Beyond Structural Reform in China
There is reason to believe that China’s supply-side rebalancing is moving in the right direction. But unless China’s leaders also tackle the challenges posed by market and bureaucratic inefficiencies, the objective of strong and sustainable growth will remain out of reach.
HONG KONG – Global markets have breathed a sigh of relief. Following the shock of the United Kingdom’s vote to exit the European Union, GDP data indicate that China’s economy seems to have escaped a slump, with annual growth averaging 6.7% in the first half of 2016. But that does not mean that China is in the clear. On the contrary, the success of the structural rebalancing that China needs to ensure sustainable long-term growth is far from certain.
To be sure, President Xi Jinping’s government is committed to structural reform. China’s leaders know that they can no longer rely on stimulating short-term demand. Already this year, annual growth in fixed-capital investment has fallen by 2.4 percentage points, to 9%, with the private-sector investment up by just 2.8%.

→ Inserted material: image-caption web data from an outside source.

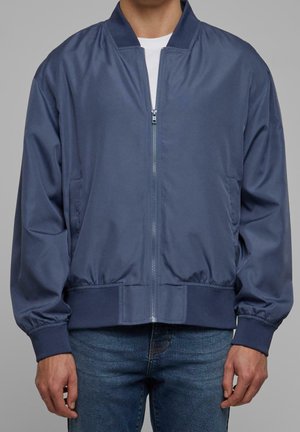 Man wearing a navy blue zip-up bomber jacket with ribbed cuffs and waistband over a white shirt and blue jeans, standing against gray background.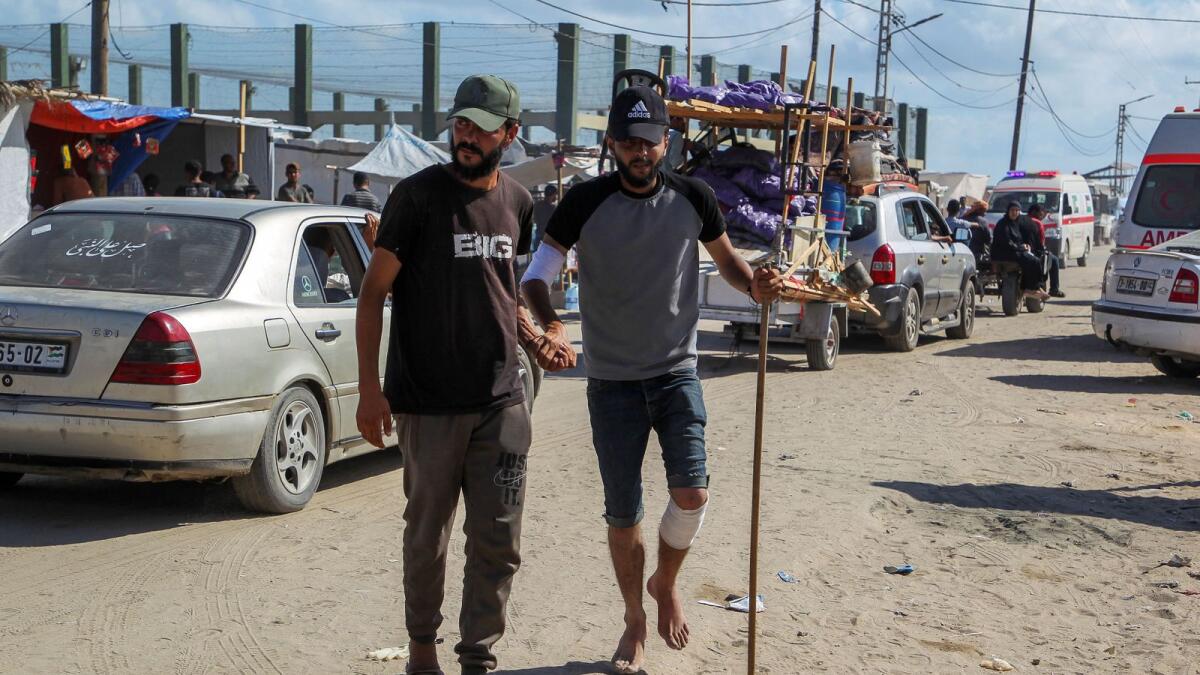 A Palestinian man wounded in an Israeli strike is helped as he walks outside a field hospital where he receives treatment, in Rafah. — Photo: Reuters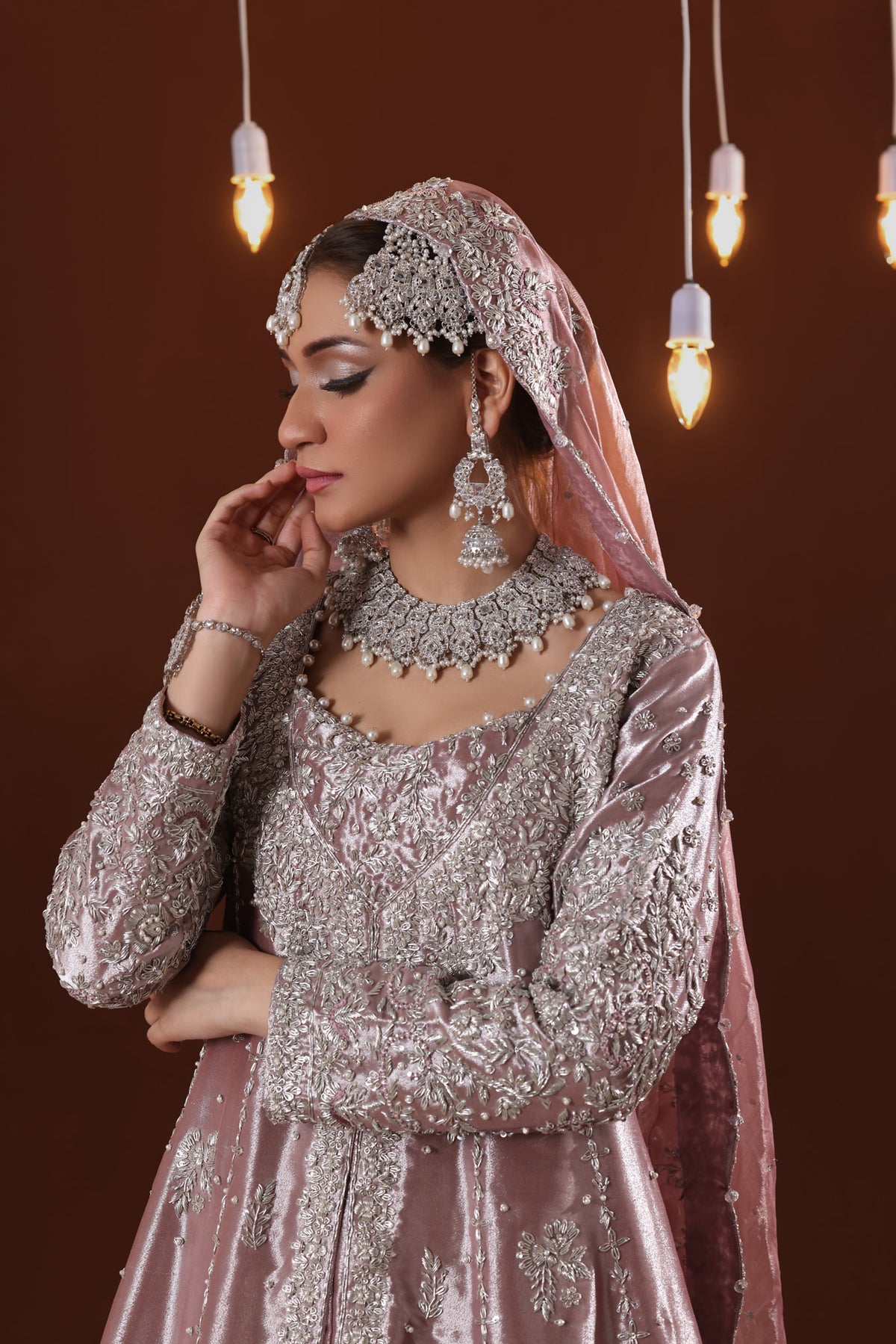 Finished bridal pieces on a wooden rail in a calm, light-filled luxe studio, soft daylight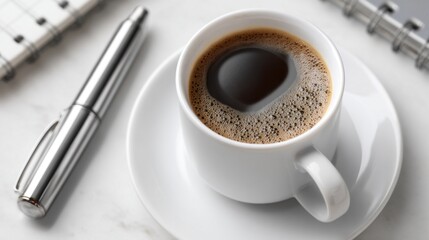 A warm cup of coffee rests on a clean office desk alongside a sleek laptop and an open notebook, creating a serene setting for focused work and creative ideas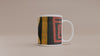 Video of Afrocentric abstract coffee mug featuring bold geometric shapes and textured patterns in red, gold, black, and cream.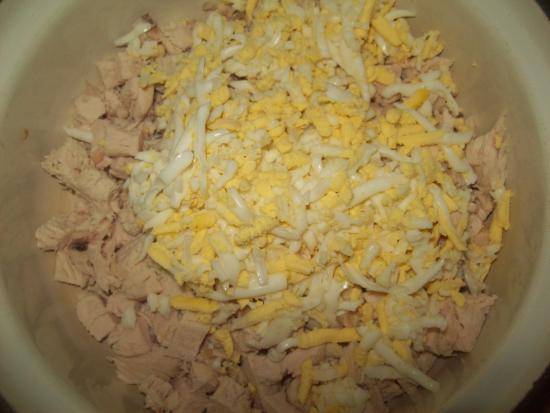 На крупной терке натрите сваренные яйца и твердый сыр, соедините их с куриным филе.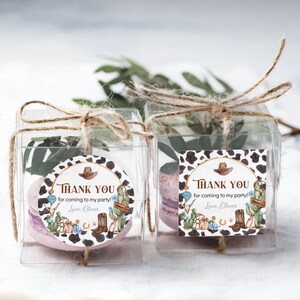 May include: Two clear square favor boxes tied with jute twine, each containing a light purple macaron and greenery. Each box features a western-themed sticker with a cow print border, a cowboy hat, cactus, and the text Thank you for coming to my party! Love, Oliver.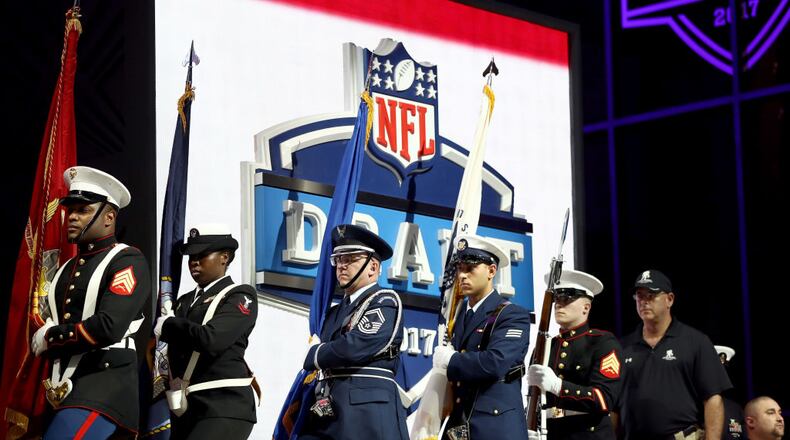 PHILADELPHIA, PA - APRIL 27:  Members of the military march on stage prior to the first round of the 2017 NFL Draft at the Philadelphia Museum of Art on April 27, 2017 in Philadelphia, Pennsylvania.  (Photo by Elsa/Getty Images)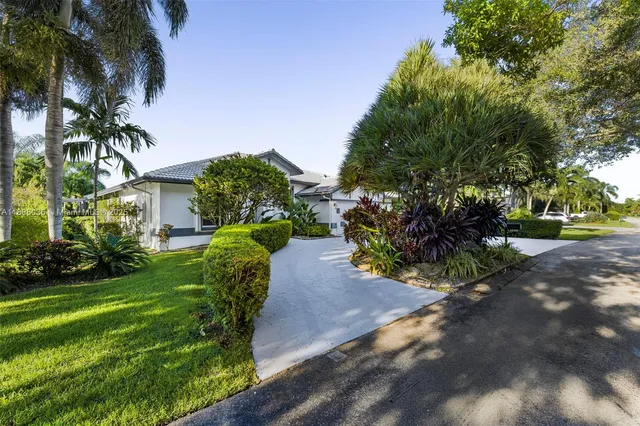 a view of backyard of house with green space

The plan now is to implement supply-side structural reforms aimed at boosting productivity and improving the functioning of both the market and the state. But, given China’s size and diversity, not to mention its deep integration into the global economy, communicating and implementing new policies across regions, sectors, and social groups will be very difficult. If China is to succeed, its leaders will need to think beyond their traditional top-down approach.